The researcher was upset: he had put a lot of work into creating, conducting, and disseminating that research.  It barely got acknowledged that the user insights that the presenter discussed were insights from the researcher, let alone that some of the slides were actually taken from the researcher’s presentation.  The researcher felt like his work wasn’t being acknowledged, and that he was being cut out of discussions about this area where he could continue to contribute.

His feeling was valid.  He should have been acknowledged for the work that he had done, and how his work was forming the basis for what the presenter was discussing as future work to be done.  His frustration is completely understandable.  The presenter should have contacted him to ask permission to re-use his slides, as well as get him involved so that he could help address follow-up questions about his work.
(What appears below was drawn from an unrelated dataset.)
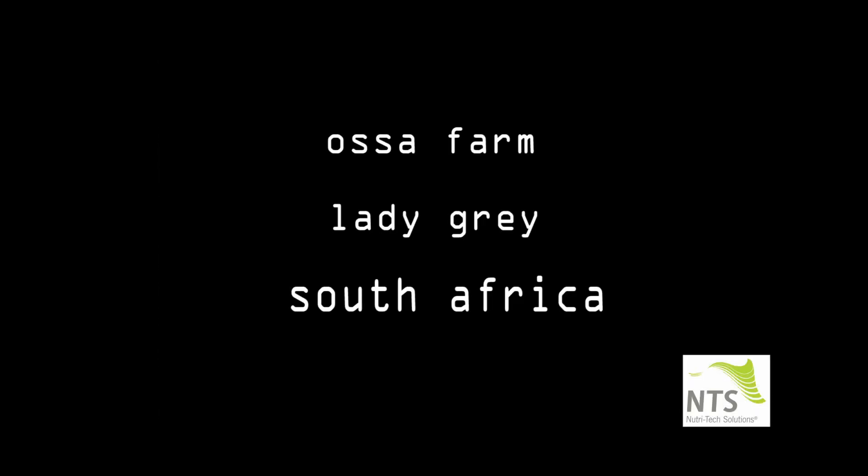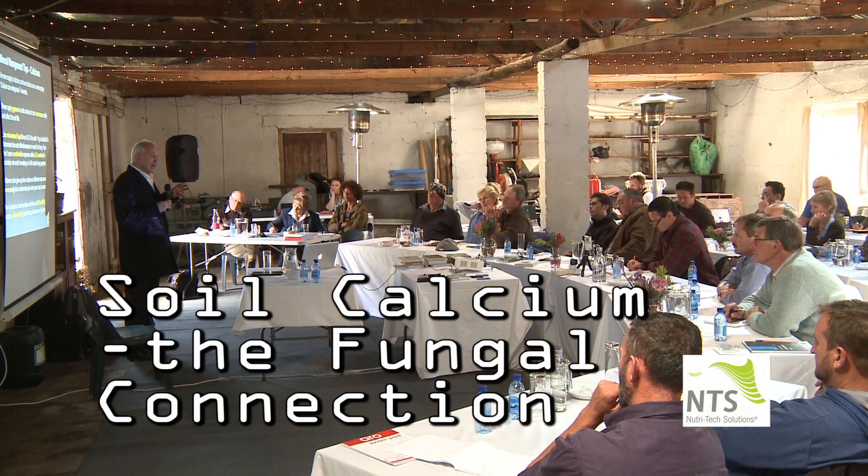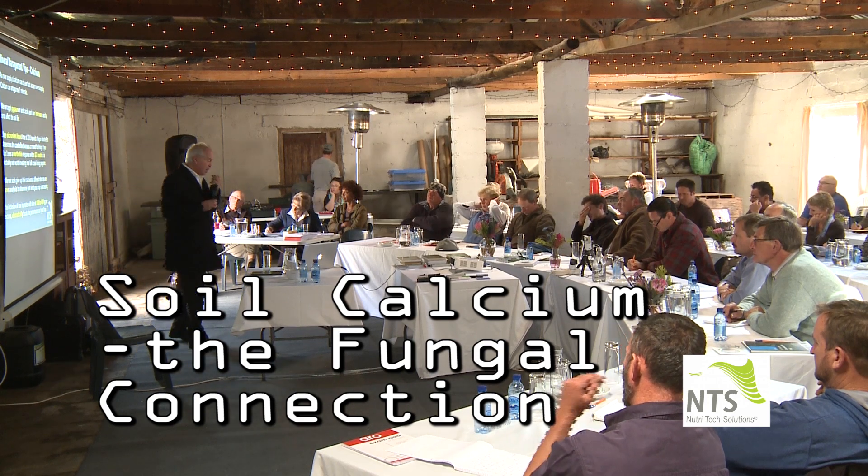Part of what we're looking at here is the role of fungi in the soil, which most soils are deficient in. They seem much less hardy than bacteria, but the role of fungi in relation to calcium is significant.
I reminded him that there was something really positive in all of this.  He had done all of the right things.  He had done them so well that his research is now just part of that team’s DNA.  It’s part of what they use to make decisions, and now it’s an important part of what they’re using to go forward.  This is one of the best possible outcomes for user research: not only does the team understand it and are taking action on it, it has a continuing impact as they think about what they should do next.  We talked about strategies to get him involved with the ongoing conversation so that he can contribute other things that he learned in conducting that research, as well as help with additional research as they move forward.
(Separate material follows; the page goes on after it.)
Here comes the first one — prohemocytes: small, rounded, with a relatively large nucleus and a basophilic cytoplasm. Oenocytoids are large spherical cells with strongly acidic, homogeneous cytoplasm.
Research results can go rogue.  This can be good, this can be bad.  It’s frustrating either way, but I’m so glad that these rogue results are being used for good, and that there are ways that it can be managed to help rope them back in and grow those research results into an even better understanding of our users, their needs, and the challenges that they face.  He did a great job with the research, so good that his research is something that the team has forgotten was something that they didn’t know and couldn’t make headway on until he did that work.  We often talk about how a good UI should fade into the background.  Maybe that’s true for good research as well: it’s so good, and the results and recommendations are so much a part of what we do and so important to our understanding of our product and our user, that we forget that research happened at all.